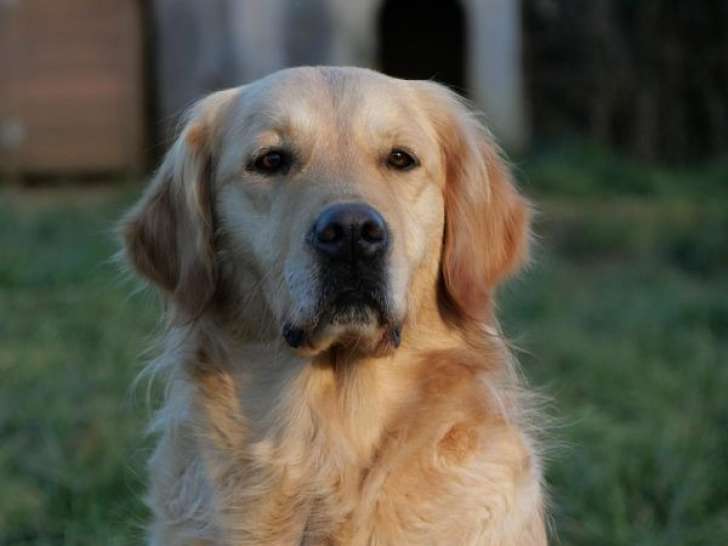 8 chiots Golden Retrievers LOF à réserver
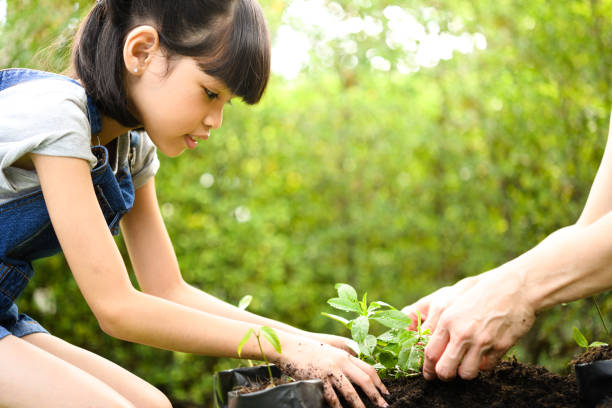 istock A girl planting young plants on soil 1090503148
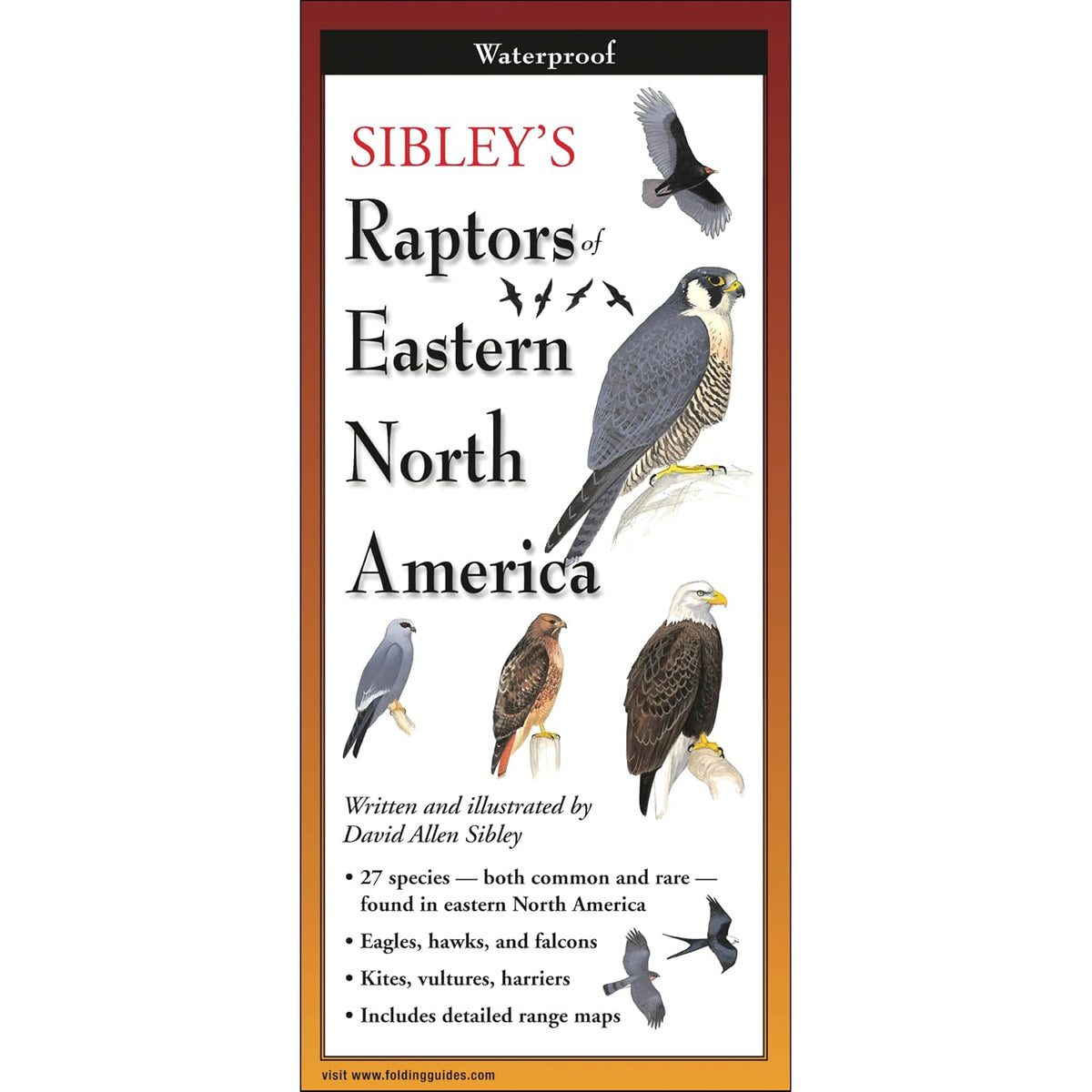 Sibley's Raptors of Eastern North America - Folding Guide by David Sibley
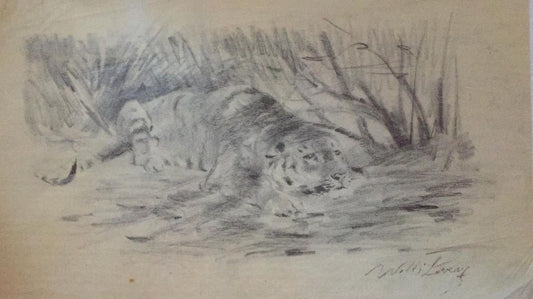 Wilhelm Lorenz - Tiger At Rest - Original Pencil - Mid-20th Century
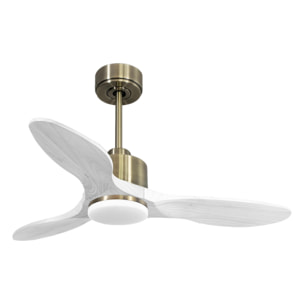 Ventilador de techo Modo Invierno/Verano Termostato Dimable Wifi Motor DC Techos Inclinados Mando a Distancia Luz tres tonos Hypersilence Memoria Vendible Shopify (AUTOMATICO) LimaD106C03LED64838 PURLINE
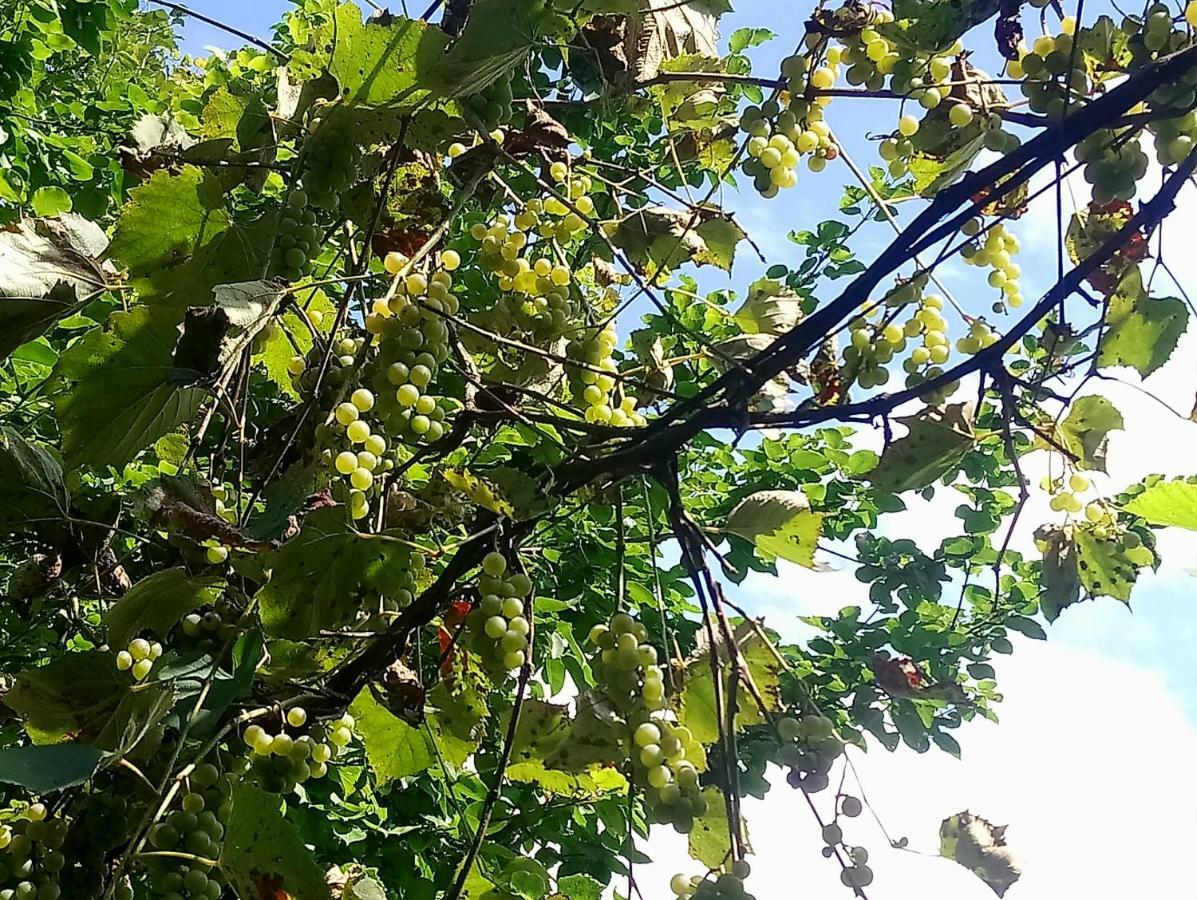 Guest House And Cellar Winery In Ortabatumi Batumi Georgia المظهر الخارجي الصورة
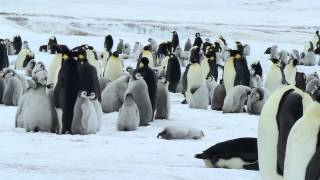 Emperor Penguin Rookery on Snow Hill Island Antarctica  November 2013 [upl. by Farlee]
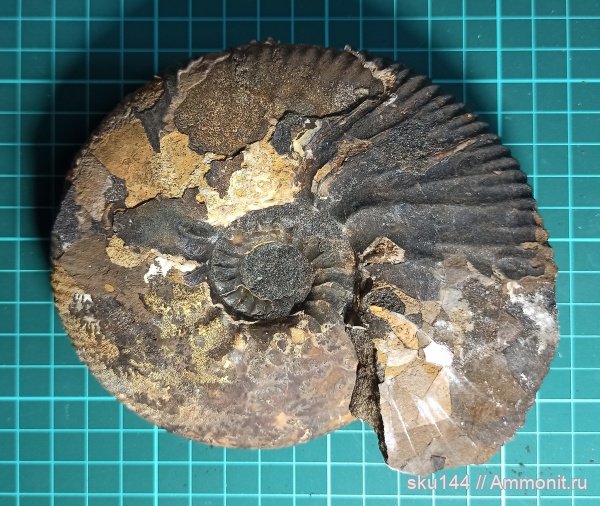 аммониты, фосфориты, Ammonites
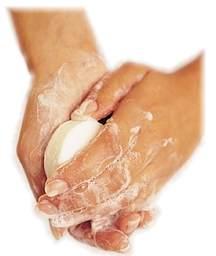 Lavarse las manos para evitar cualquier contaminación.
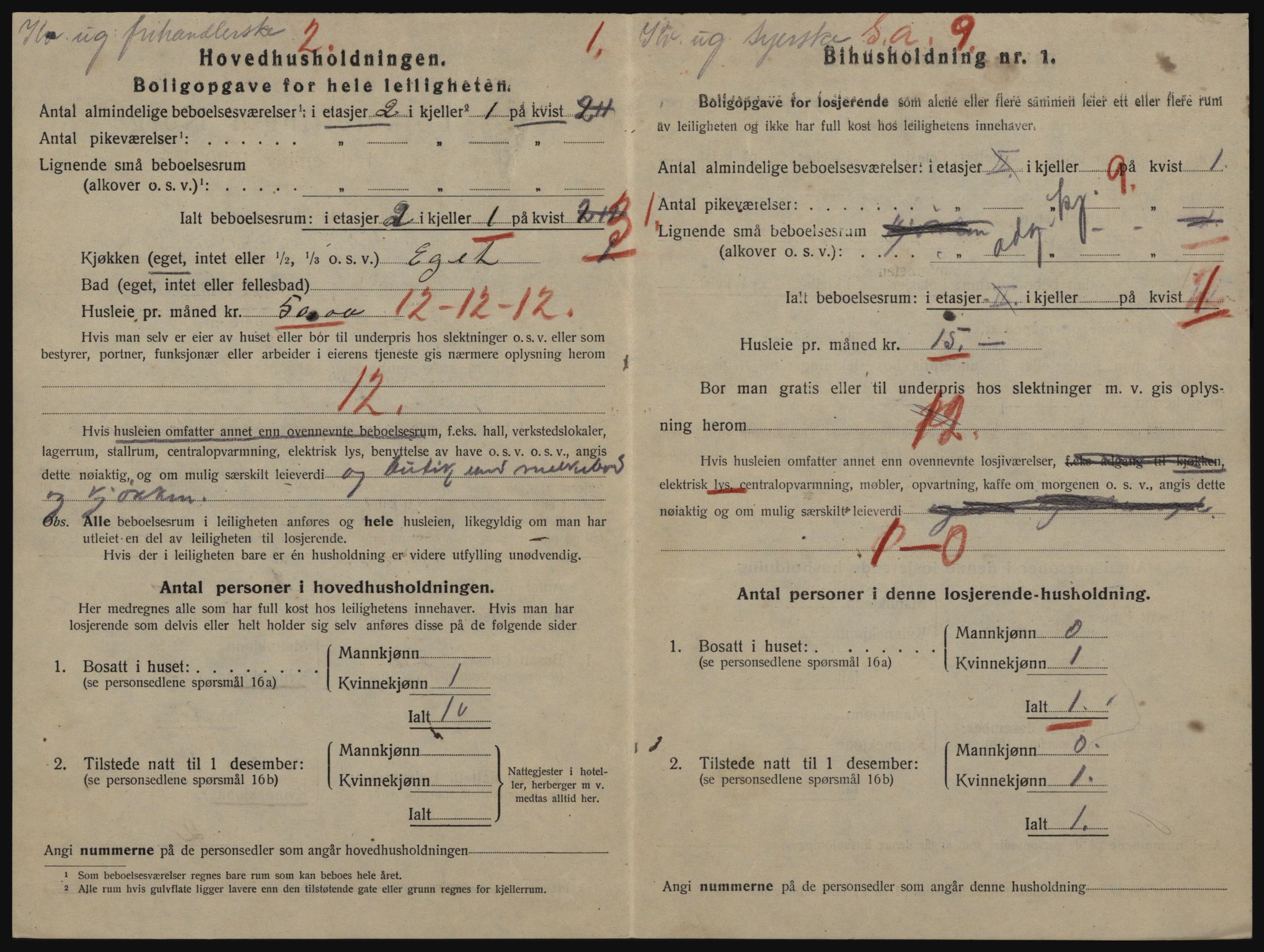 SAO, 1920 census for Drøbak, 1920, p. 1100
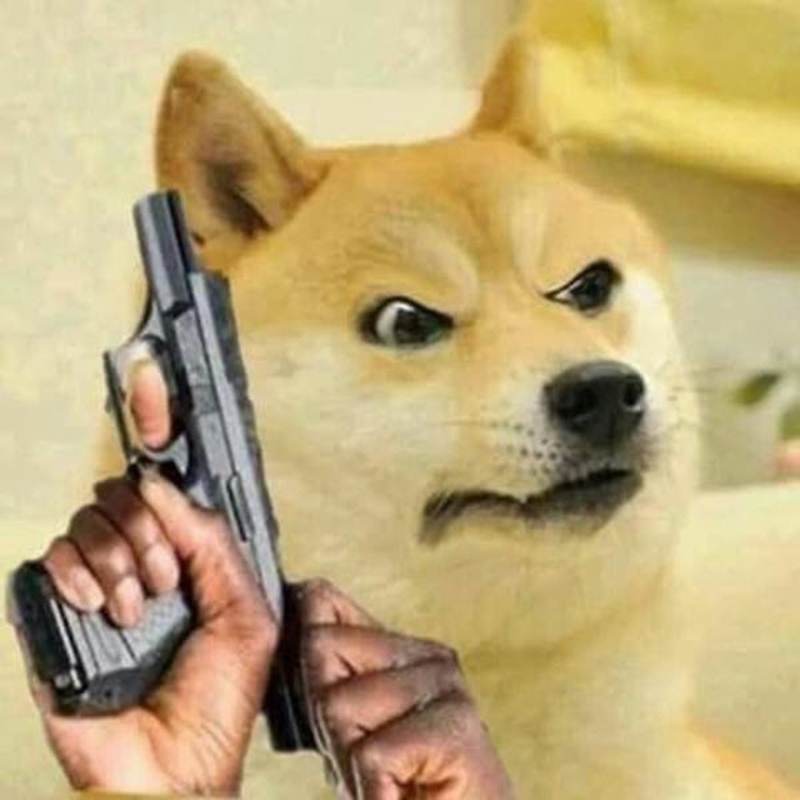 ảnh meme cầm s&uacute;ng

→ What the task asks: Write out, word for word, the line containing "SAO, 1920 census for Drøbak, 1920, p. 1100" and each line after it to the end of the data, and nothing more. Drop the pictures.

→ Written solution:
 SAO, 1920 census for Drøbak, 1920, p. 1100
 ảnh meme cầm s&uacute;ng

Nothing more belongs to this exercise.